Cooling a diode laser with liquid nitrogen will at best cause them to shift out of their rated wavelength and at worst the thermal stress from having it poured onto the device would cause premature failures. Supposing for a minute you fixed that, the most likely result of that kind of cooling would be a wavelength shift too far from the rated one to get the resin to cure. Plus liquid nitrogen is not something you can just use in a consumer device for a number of reasons. If you really wanted to cool the laser properly thermoelectric junctions are the way to go but it is unnecessary. Once more going lower than ambient temperatures will cause condensation in most desktop environments that will mess up the optics.

Yes FormLabs initially appeared to have a laser reliability issue with the Form 1 but that seems to have passed for the most part since the release of the Form 1+. I met some of the engineers at the Form 1+ launch party and apparently their laser diode vendor was doing something nutty in the packaging process. FormLabs should have IMHO been doing some accelerated age testing but I bet they have learned that lesson. (If I doubted them I would not have bought a printer after the party)

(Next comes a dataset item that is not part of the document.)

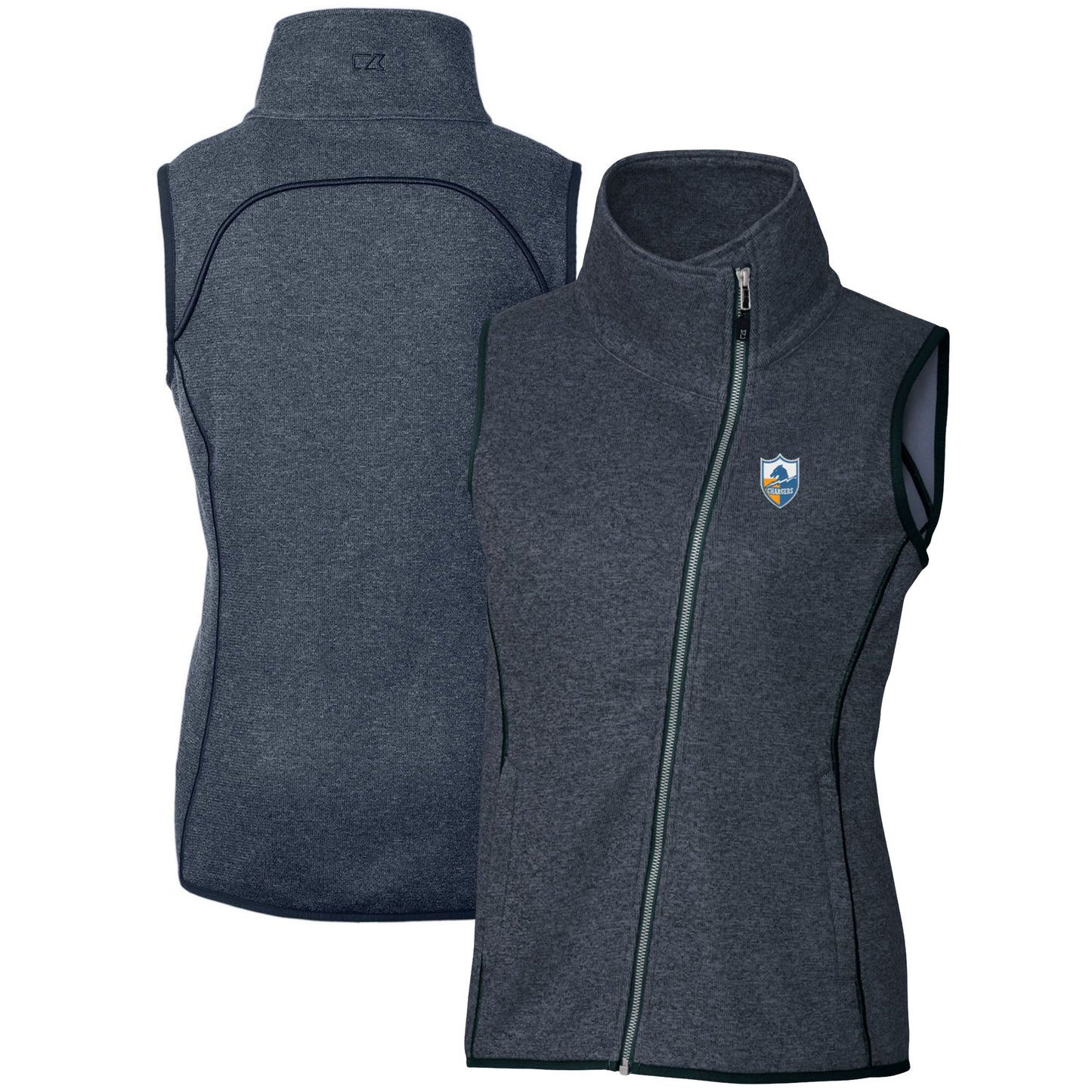 Women's Cutter & Buck Heather Navy Los Angeles Chargers Throwback Logo Mainsail Full-Zip Vest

The mirror issues appear (IMHO) to be from dust landing in the unit. Changing the resin tank mechanism to zero insertion force might help but my background is electronics not mechanical engineering. The simplicity of the current design probably makes it more robust. The only mirror failures that seem to appear on the forum appear to be from people getting stuff on them or improperly cleaning them.

For a cool demo of liquid nitrogen cooling of semiconductors check this out.

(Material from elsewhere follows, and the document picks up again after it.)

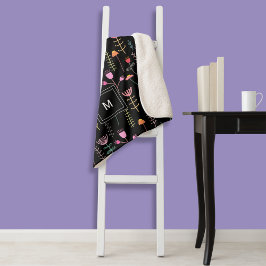 Cobertor Sherpa Flores Silvestres Neon em Preto, com monograma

And then I looked over at the thread…
“Did anyone else receive a Form1+ with a dead laser?”

… guess I spoke too soon. Still we don’t know how many units they have shipped, thanks to adjective animal serial numbers, so it is not possible to know if this is an acceptable mortality rate. Still…

@EvanFoss — in almost all cases where people have had a completely non-functional laser, it tends to be isolated incidents with cabling or something similar. There are always exceptions, of course, but one of the main changes in the Form 1 vs. Form 1+ was in the laser itself. If you take a look at that thread, you’ll see people are (also) discussing the Form 1. I’m going to go ahead and close that one for now, so that we don’t get more confusion…

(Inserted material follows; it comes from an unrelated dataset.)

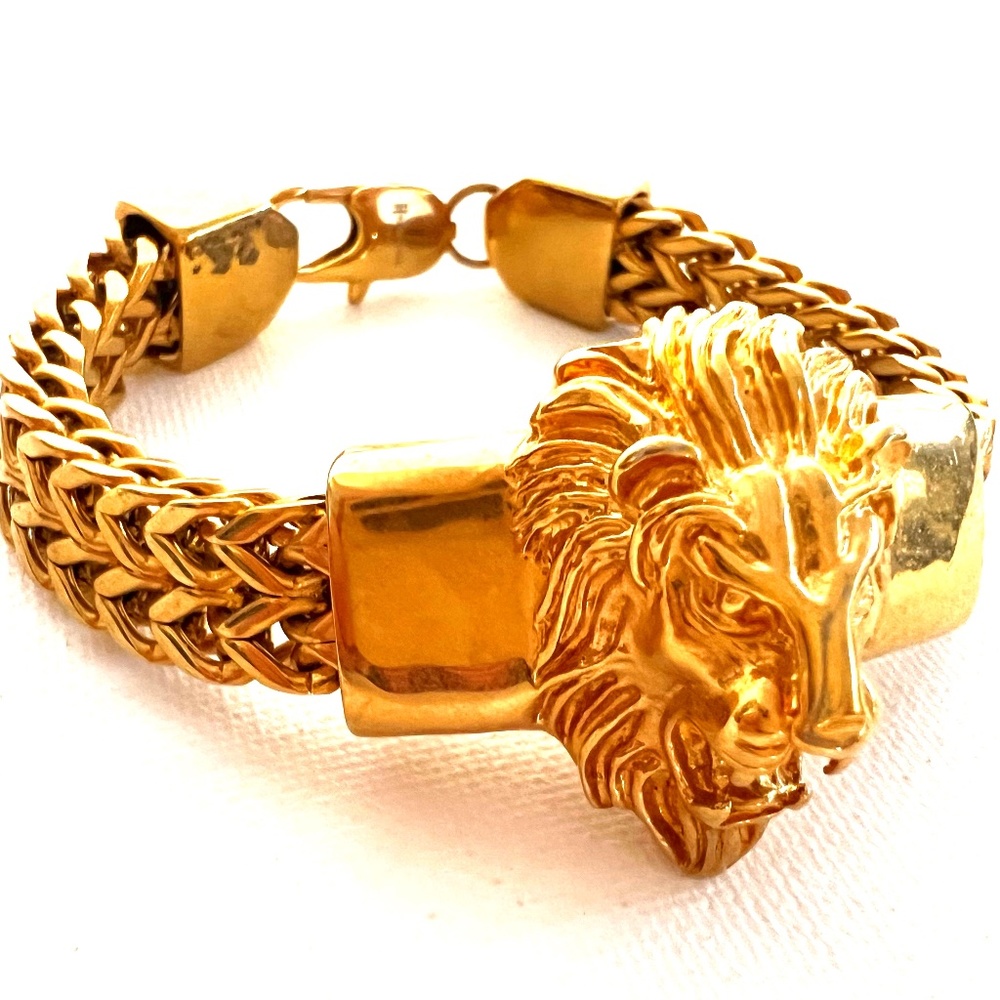18K Gold Plated Stainless Steel Lion Head Box Chain Bracelet - Unisex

For the benefit of people who read these frozen threads in the future please explain why they are being frozen. This is the second time this has happened and if I was not on both threads I would not have known why.

Sure thing — I’ve made a note in that thread, @EvanFoss. Apologies for any confusion, and thanks for the note that you’d like more feedback on such things. I will do so in the future.

Not to be a pill but while we are off topic why was this one closed?